Primary Coking Coals, such as the Mongolian Blend, are in particular high demand within China, primarily due to the low ratio of these coals in China’s own coal reserves and the growing requirement for higher quality coking coals in the coke industry. These higher quality coking coals are increasing in demand faster than their lower quality counterparts as China trends towards the use of larger blast furnaces to achieve higher productivity, use of advanced technology and balancing environmental concerns.
Aspire’s Managing Director Mr David Paull said “The China coal market report received confirms the importance of coking coals at the premium end of the scale for use in China.
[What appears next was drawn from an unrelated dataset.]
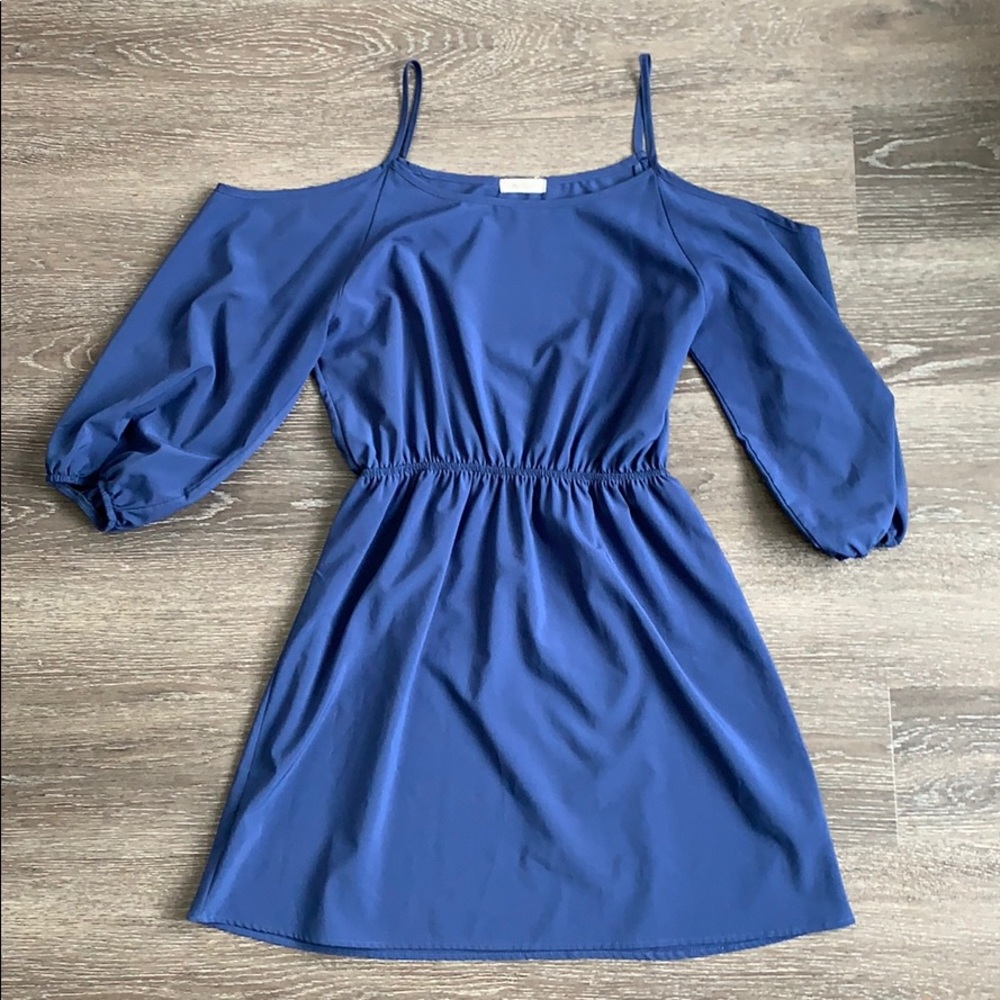 Blue open shoulder dress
Demand continues to grow and we are well positioned in our development timeframe for our Ovoot Coking Coal Project to deliver a premium coking coal product into the Chinese market”.
“The marketability of the Mongolian Blend is particularly exciting as it confirms the value in establishing a blending operation at the Sainshand Industrial Park to add value to a range of thermal and low caking coals produced in Mongolia at present but with limited economic market outlets.
“Both our Ovoot Project and the potential Blending Facility will benefit from Mongolia’s improving infrastructure landscape with planned railway to be built in the north to service the Ovoot Project, along with the upgrades to the Trans-Mongolian railway and rail border crossings with China”, Mr Paull said.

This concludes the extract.